From 11e5baae89b212a9c4b60dcb6cd3bdcaae30ee90 Mon Sep 17 00:00:00 2001
From: Ben King <benjaminking@sil.org>
Date: Wed, 2 Oct 2024 16:36:38 -0400
Subject: [PATCH] Fix for #540, issues (+ support for multiple translations)
 with experiment --test

---
 silnlp/nmt/experiment.py          |   1 +
 silnlp/nmt/hugging_face_config.py | 107 ++++++++++++++++++++++++------
 silnlp/nmt/test.py                |  73 +++++++++++++++++---
 3 files changed, 150 insertions(+), 31 deletions(-)

diff --git a/silnlp/nmt/experiment.py b/silnlp/nmt/experiment.py
index 591e7f8d..da697a9d 100644
--- a/silnlp/nmt/experiment.py
+++ b/silnlp/nmt/experiment.py
@@ -83,6 +83,7 @@ def test(self):
             best=self.config.model_dir.exists(),
             by_book=self.score_by_book,
             scorers=self.scorers,
+            produce_multiple_translations=self.produce_multiple_translations,
         )
         SIL_NLP_ENV.copy_experiment_to_bucket(
             self.name, patterns=("scores-*.csv", "test.*trg-predictions.*"), overwrite=True
diff --git a/silnlp/nmt/hugging_face_config.py b/silnlp/nmt/hugging_face_config.py
index 3b30ae52..56fa11f7 100644
--- a/silnlp/nmt/hugging_face_config.py
+++ b/silnlp/nmt/hugging_face_config.py
@@ -70,7 +70,7 @@
 
 from ..common.corpus import Term, count_lines, get_terms
 from ..common.environment import SIL_NLP_ENV, download_if_s3_paths
-from ..common.translator import TranslationGroup
+from ..common.translator import DraftGroup, TranslationGroup
 from ..common.utils import NoiseMethod, ReplaceRandomToken, Side, create_noise_methods, merge_dict
 from .config import CheckpointType, Config, DataFile, NMTModel
 from .tokenizer import NullTokenizer, Tokenizer
@@ -1008,23 +1008,64 @@ def translate_test_files(
             with ExitStack() as stack:
                 src_file = stack.enter_context(input_path.open("r", encoding="utf-8-sig"))

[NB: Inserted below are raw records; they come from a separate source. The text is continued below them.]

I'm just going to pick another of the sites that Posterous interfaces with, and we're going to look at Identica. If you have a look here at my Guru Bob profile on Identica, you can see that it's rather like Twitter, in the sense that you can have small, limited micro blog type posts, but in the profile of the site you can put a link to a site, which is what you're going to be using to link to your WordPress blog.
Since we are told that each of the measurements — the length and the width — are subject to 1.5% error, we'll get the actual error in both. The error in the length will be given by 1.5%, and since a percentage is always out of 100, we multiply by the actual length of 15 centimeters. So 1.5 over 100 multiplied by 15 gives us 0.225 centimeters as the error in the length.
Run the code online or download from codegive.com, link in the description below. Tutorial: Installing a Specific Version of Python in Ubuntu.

                 sentences = (line.strip().split() for line in src_file)
-                out_file = stack.enter_context(translation_path.open("w", encoding="utf-8", newline="\n"))

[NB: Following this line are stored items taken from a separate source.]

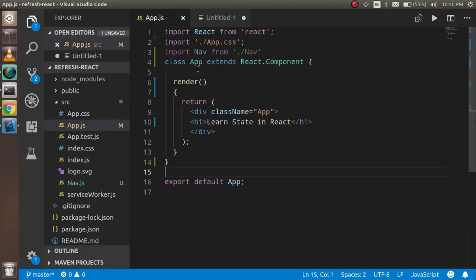First question is: what is state? Going to the code — this is my class component — state is kind of a variable that can be accessible and changeable inside a class or a component only. You cannot access the state outside the class. If you have a state and on button click you want to change it, you can assign some values inside it and get values from it.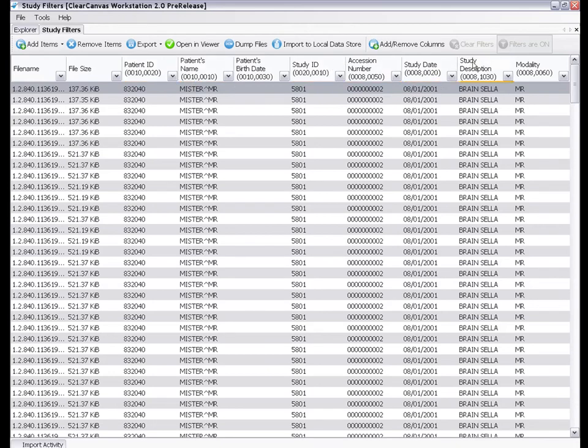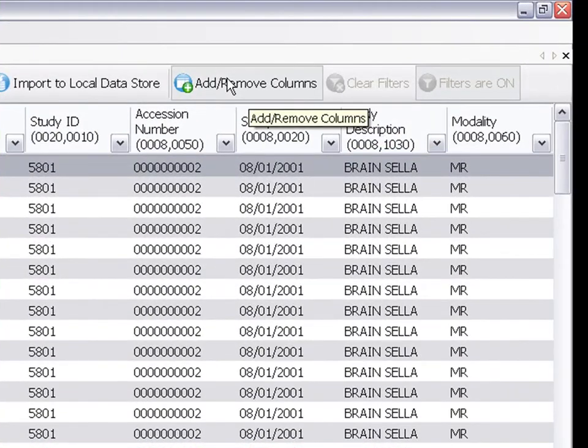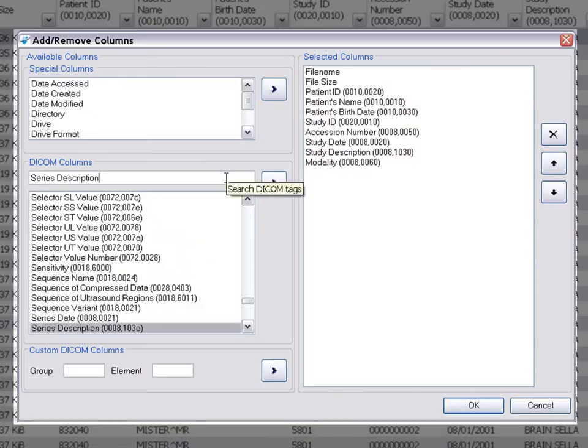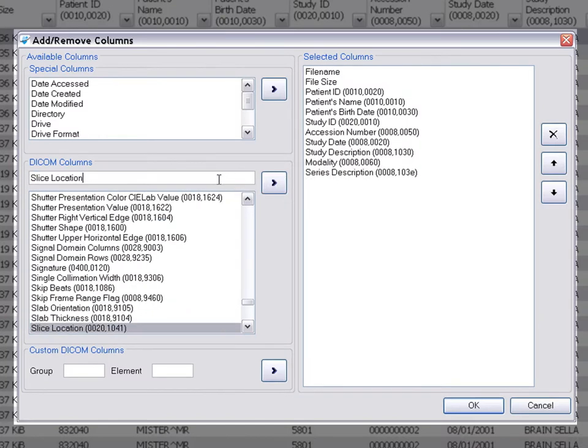Let's say that I want to find a range of slices within a certain series of images. In order to do this, I would click on Add Remove Columns, add the series description, and add the slice location.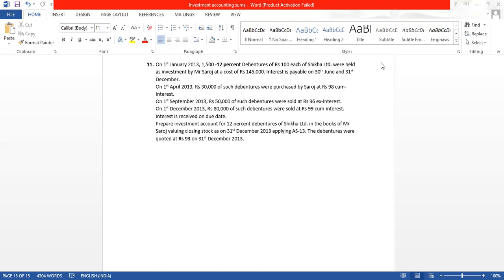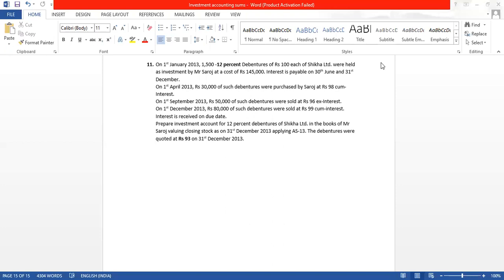You will be getting 30 minutes and the time has already started. You can see the sum on your screen. In an offline exam you should not spend more than 30 minutes on one sum, so you will get 30 minutes to solve this.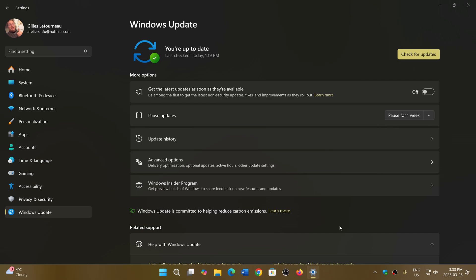For 23H2, this brings your Windows version to 22631.5126.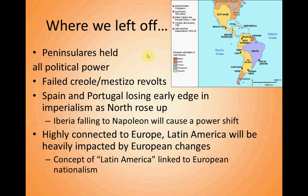Peninsulares were people born in the Iberian Peninsula who came over to the New World and held all the political power. The Spanish and Portuguese didn't use company rule — they tried to directly control their colonies with royal authority. So people from the Old World were always closer to power than people born in the New World, even if they were white.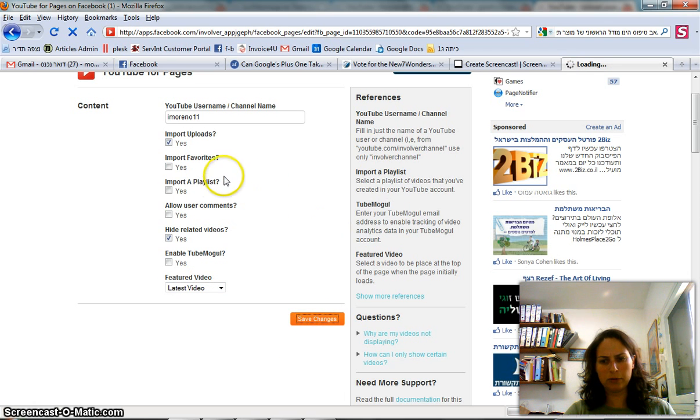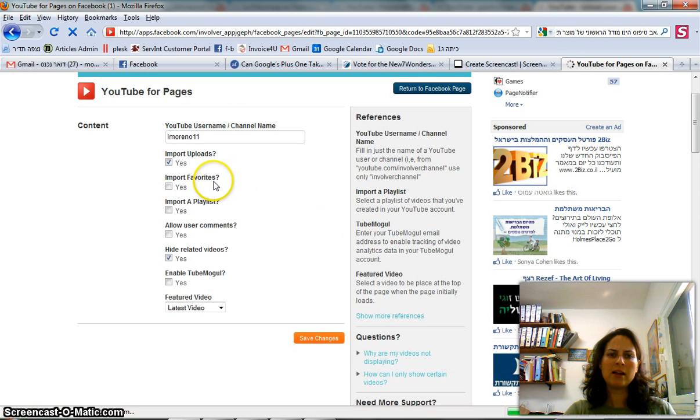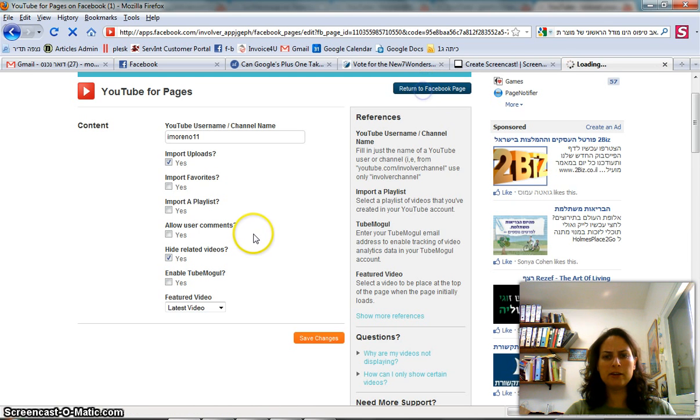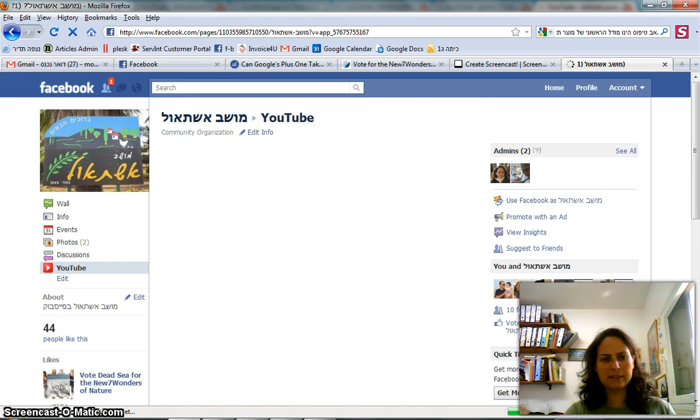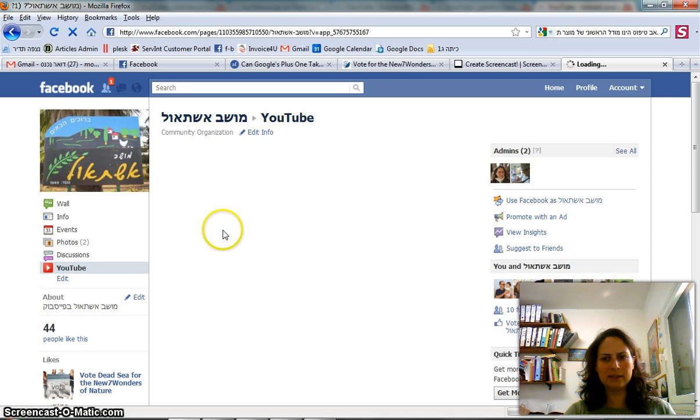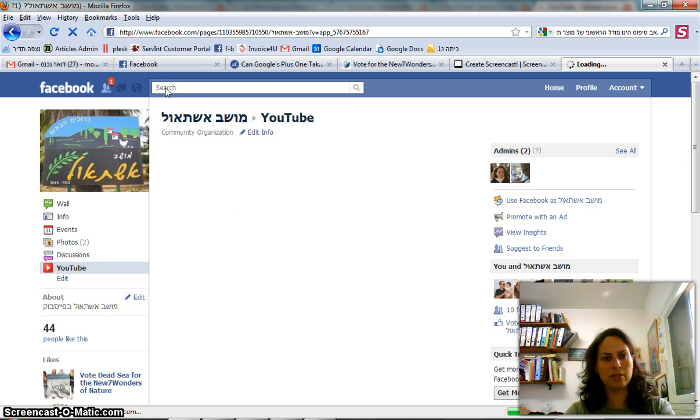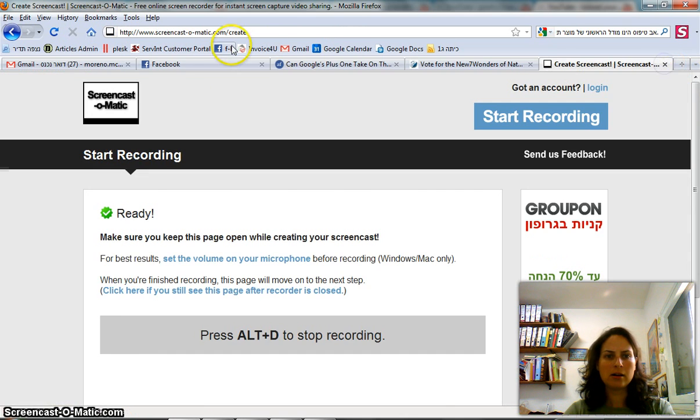Now I want to save those changes and go to the page. It's going to be active in a short while, it's not active immediately because the application has to index my YouTube page. But what I want to show you is the other pages I have embedded channels on.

                 vrefs: Optional[Iterable[VerseRef]] = None
                 if vref_path is not None:
                     vref_file = stack.enter_context(vref_path.open("r", encoding="utf-8-sig"))
                     vrefs = (VerseRef.from_string(line.strip(), ORIGINAL_VERSIFICATION) for line in vref_file)
 
-                for output_group in tqdm(
-                    self._translate_sentences(
-                        tokenizer, pipeline, sentences, vrefs, produce_multiple_translations, return_tensors=True
-                    ),
-                    total=length,
-                    unit="ex",
-                ):
-                    ids = to_py_obj(output_group.get_token_ids()[0])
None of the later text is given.